La décision faisant l’objet du contrôle
[6]
Les motifs de la décision se composent du courriel envoyé aux demandeurs le 26 janvier 2017 ainsi que des notes du Système mondial de gestion des cas (SMGC) transmises aux demandeurs le 29 mai 2017.
[7]
Le courriel avisait les demandeurs que leurs noms avaient été retirés de la demande de leur père. Les notes du SMGC indiquent que le demandeur n’a fourni aucun élément de preuve d’études au-delà du deuxième trimestre de 2011, et qu’il ne semblait plus être étudiant. Par conséquent, selon l’agent, le demandeur n’a pas pu être une personne à charge en application du RIPR.
[8]
L’agent observe en outre que la demanderesse a fourni des éléments de preuve d’études consignées dans des dossiers pour la fin de 2014 et le début de 2015. L’agent précise que la demanderesse était inscrite à des cours pendant cette période, mais n’y a pas participé.
[9]
L’agent a conclu que le demandeur et la demanderesse ne respectaient pas la définition d’« enfants à charge »
.
III.
Questions en litige
[10]
Les demandeurs ont soulevé deux questions :
- La décision est-elle raisonnable?
- Y a-t-il eu un manquement à l’équité procédurale quant à la demanderesse?
IV.
Norme de contrôle
[11]
La décision d’un agent selon laquelle un demandeur respecte la définition d’« enfant à charge »

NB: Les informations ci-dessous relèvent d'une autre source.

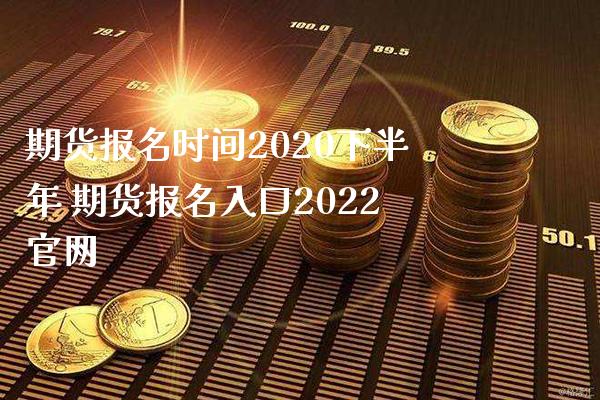 期货报名时间2020下半年 期货报名入口2022官网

dans le RIPR est examinée selon la norme du caractère raisonnable (Shomali c Canada (Citoyenneté et Immigration), 2017 CF 1, au paragraphe 12 [Shomali].
[12]
La question de savoir si la demanderesse a eu la possibilité de répondre constitue une question d’équité procédurale normalement examinée selon une norme de la décision correcte : Canada (Citoyenneté et Immigration) c Khosa, 2009 CSC 12, au paragraphe 43. Toutefois, une jurisprudence récente provenant de la Cour d’appel fédérale indique que la norme de contrôle fluctue en fonction des questions d’équité procédurale : Vavilov c Canada (Citoyenneté et Immigration), 2017 CAF 132, au paragraphe 11. En l’espèce, comme j’ai conclu qu’il n’y a eu aucun manquement à l’équité procédurale, la norme de contrôle applicable ne changerait pas le résultat.
V.
Dispositions législatives
[13]
La demande visée par le contrôle en l’espèce a été reçue en 2013. Par conséquent, une version antérieure de l’article 2 du RIPR définissant le terme « enfant à charge »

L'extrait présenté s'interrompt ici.